For instance, at Tikit they happened because we listened to the market and as a result developed our own intuitive web accessible products such as Carpe Diem Next Generation (CDNG) for time capture, which is based on HTML5 as is our eMarketing v6 which uses a simple intuitive web interface. Our partners are responding too, examples being Mimecast and Workshare offering SaaS solutions which can be easily downloaded while adhering to the strictest security. Meanwhile integration across devices and systems is a given rather that a concession.

At the same time, we recognize that vendors (like firms) need to become defter. They especially need to respond to the disruptive providers who continue to enter the market. (A sign of the times is that the Legal Technology Insider has just launched a dedicated ‘Legal Tech Start-ups’ section on its widely read website.)

Some things don’t change

Meanwhile, the more things change the more some things remain the same. Technology, for all that people talk of intuitive interfaces, integration and ease of use, is still an intricate world.

Just as law firms benefit from an intimate knowledge of their clients, markets and legal topics; so too do they continue to benefit from suppliers with an intimate understanding of the workings of law firms, legal business models and the technology they rely on.

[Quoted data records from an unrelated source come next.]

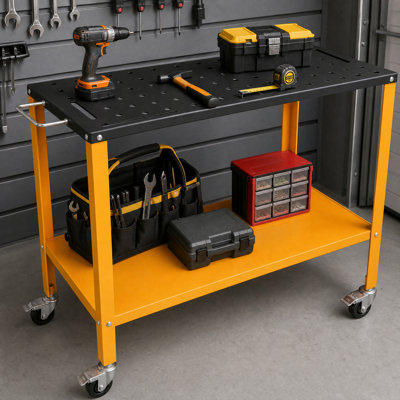 Portable Welding Table 36"x18", 1200lbs Garage Steel Welding Workbench For Home Shop, 4 Lockable Casters, 5/8" Holes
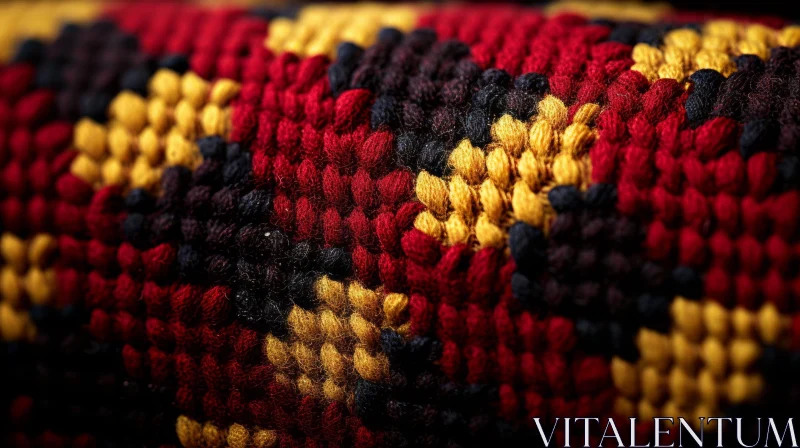 Colorful Hand-Woven Geometric Carpet Close-Up AI Image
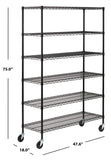 Juliet 6 Tier Heavy Duty Shelve Black Steel, Abs,Pe HAC2005B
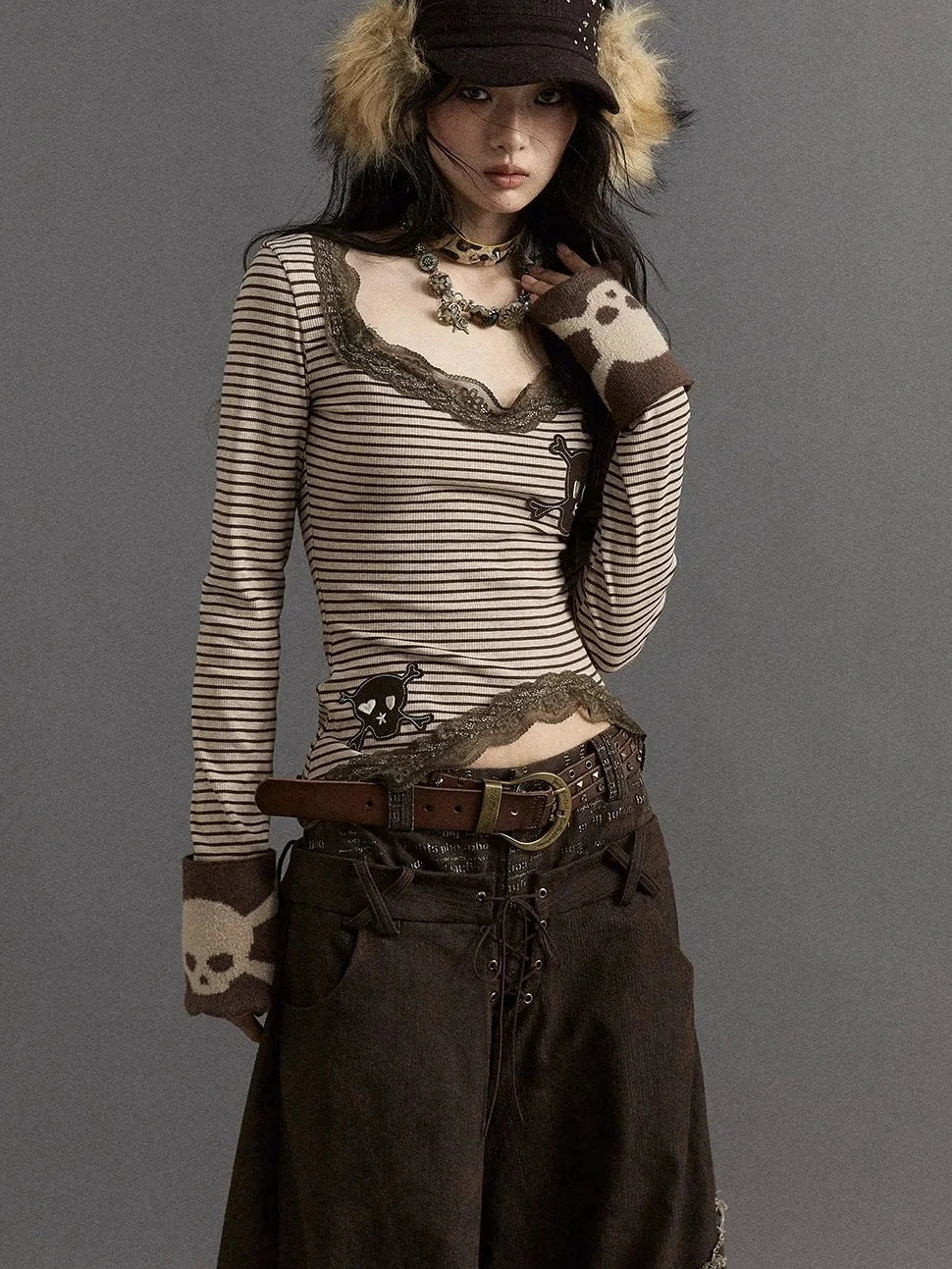 NO ROMANCE Slim V Neck Striped Punk Knit Long Sleeve Women Cotton Stretch T-Shirt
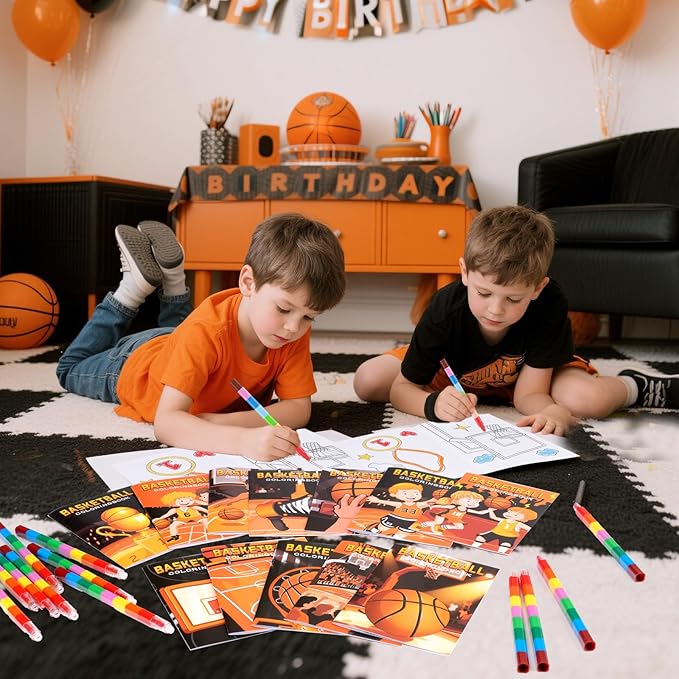 BenLouis 24 Basketball Mini Coloring Books Kids with 24 Stacking Crayons Basketball Party Favors Activity Books Bulk for Kids Sports Goodie Bag Gift Stuffer Classroom Reward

For example, it’s still true that firms continue to rely on time capture technology such as Tikit’s CDNG. In a consultancy time capture is important, in a law firm it’s typically an essential. A law firm that can’t capture time, for all that there’s a push to other ways to charge for work, is probably going to be a pretty angry business.

Firms rely on technology that manages document production and retrieval. If a document can’t be found, that’s going to be a very high level business owner who will let the firm know their acute discomfort and dissatisfaction with the mute button off.

Vendors need to bring this intimate knowledge of the impact of their technology to bear on their service and support approaches.

The challenge in front of us

The challenge for vendors now is to know where they provide value; what it is that they bring to the market. Is it a business critical product – say a practice or document management system? Is it expertise with systems’ integration; or the ability to help clever new start-ups scale to meet a wider market? Are they curators of the new and the useful? Do they have the capacity to be outsource service providers who can reduce operational costs? Do they have the requisite access to technical expertise as well as sector and product knowledge?

As more and more clever ideas appear, there are blossoming opportunities for knowledgeable vendors to pull them together into solutions that can meet the evolving needs of today’s firms. I feel that vendors who benefit from this time of epic change, will be the ones who have choose to see themselves from the perspective of their clients and adjust their businesses to map to their new needs. Just like the law firms are having to do with theirs.